Citation
He, Junlin and Ng, Kok Haur and Lau, Wee Yeap and Allen, David and Lau, Wei Theng
(2026)
Can environmental, social, and governance rating divergence harm the green total factor productivity? Evidence from Chinese listed firms.
Journal of Environmental Management, 411.
art. no. 129961.
pp. 1-20.
ISSN 0301-4797; eISSN: 1095-8630
Abstract
In the context of global climate change and the growing emphasis on sustainable development, green total factor productivity (GTFP) is increasingly recognised as a critical indicator that integrates both economic efficiency and environmental performance.
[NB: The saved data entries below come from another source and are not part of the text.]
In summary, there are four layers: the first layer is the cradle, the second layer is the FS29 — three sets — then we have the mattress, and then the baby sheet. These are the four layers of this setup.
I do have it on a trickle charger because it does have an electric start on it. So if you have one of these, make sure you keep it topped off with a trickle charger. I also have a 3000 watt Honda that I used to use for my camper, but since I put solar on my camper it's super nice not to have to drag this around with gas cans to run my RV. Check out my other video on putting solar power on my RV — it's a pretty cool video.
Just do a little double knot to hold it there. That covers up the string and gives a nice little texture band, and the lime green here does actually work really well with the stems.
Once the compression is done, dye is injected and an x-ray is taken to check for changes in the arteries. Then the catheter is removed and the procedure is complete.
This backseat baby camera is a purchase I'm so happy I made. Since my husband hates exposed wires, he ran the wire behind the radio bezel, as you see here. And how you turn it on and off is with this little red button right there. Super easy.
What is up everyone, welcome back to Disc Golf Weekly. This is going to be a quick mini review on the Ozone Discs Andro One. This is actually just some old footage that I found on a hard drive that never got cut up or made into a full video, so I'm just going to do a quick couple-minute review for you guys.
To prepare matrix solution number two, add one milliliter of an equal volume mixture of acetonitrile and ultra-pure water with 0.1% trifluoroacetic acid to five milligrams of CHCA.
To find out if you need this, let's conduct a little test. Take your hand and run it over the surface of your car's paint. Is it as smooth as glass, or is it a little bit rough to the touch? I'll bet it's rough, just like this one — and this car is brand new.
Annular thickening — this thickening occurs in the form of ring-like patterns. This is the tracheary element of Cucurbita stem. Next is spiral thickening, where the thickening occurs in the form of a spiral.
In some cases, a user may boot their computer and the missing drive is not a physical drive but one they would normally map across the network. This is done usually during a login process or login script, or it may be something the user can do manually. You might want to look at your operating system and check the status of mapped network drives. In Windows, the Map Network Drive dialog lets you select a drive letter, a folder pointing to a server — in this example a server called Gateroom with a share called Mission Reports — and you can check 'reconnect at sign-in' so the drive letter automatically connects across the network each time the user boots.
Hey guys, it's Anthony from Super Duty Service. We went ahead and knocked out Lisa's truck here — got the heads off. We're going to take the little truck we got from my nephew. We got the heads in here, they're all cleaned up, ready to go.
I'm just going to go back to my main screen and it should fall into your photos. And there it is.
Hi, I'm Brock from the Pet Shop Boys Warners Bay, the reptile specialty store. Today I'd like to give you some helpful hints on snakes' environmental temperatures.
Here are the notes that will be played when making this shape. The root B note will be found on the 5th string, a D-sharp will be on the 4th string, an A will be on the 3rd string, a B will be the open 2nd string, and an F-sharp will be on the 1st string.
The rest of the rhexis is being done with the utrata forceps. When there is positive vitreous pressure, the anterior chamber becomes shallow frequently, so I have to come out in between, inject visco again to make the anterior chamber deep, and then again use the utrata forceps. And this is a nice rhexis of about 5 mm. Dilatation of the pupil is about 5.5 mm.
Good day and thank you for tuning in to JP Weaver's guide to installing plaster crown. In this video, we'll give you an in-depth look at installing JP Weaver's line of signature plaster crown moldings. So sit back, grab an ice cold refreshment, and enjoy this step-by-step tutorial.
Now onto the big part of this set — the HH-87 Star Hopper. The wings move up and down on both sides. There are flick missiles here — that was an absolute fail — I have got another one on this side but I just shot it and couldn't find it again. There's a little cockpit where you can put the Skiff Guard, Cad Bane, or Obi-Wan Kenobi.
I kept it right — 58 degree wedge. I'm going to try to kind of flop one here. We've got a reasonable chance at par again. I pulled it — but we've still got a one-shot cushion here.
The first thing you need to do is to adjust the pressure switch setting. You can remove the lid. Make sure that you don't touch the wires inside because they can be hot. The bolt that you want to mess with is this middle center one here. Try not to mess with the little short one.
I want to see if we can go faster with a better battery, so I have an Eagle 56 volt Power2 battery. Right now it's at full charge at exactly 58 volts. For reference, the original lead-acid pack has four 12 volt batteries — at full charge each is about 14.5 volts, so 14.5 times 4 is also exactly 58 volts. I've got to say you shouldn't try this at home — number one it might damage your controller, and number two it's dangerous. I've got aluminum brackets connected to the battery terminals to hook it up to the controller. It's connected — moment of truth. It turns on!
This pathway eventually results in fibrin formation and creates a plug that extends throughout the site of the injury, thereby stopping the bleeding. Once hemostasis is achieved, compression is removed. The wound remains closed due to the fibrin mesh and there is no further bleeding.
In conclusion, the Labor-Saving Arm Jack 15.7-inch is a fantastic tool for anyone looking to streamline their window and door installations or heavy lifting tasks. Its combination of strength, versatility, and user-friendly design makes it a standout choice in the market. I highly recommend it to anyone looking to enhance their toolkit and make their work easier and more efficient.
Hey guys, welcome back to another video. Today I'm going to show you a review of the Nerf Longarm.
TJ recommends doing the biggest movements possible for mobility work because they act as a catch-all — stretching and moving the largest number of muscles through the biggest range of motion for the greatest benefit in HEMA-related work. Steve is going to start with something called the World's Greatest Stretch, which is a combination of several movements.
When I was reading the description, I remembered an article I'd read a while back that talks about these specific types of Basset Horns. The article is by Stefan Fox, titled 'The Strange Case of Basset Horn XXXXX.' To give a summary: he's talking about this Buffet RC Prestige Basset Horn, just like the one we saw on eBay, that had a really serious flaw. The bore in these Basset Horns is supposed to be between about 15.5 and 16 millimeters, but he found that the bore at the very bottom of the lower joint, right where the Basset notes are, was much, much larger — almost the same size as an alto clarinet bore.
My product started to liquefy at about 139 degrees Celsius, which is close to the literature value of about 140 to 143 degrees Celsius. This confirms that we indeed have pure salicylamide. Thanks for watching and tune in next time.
Meanwhile, environmental, social, and governance (ESG) ratings have become an important reference for investors and corporate decision-makers. However, there are notable inconsistencies in ESG scores across different rating agencies, due to divergent evaluation criteria. This paper explores the impact of ESG rating divergence on the GTFP of Chinese A-share listed firms for 2015 firms between 2013 and 2022. The empirical results reveal a significant negative relationship between ESG rating divergences and GTFP, indicating challenges to sustainable development. Transmission mechanism analysis suggests such divergences are conveyed through increased financing constraints. Nevertheless, market attention and a firm's innovation capacity can mitigate this negative impact. Furthermore, this relationship between ESG rating divergences and GTFP exhibits heterogeneity, as it is not observed for firms in primary industries, central, western regions, non-state-owned, non-high-technology sectors and polluting industries. These findings provide evidence for the necessity of standardised ESG rating disclosure to enhance the reliability of ESG assessments.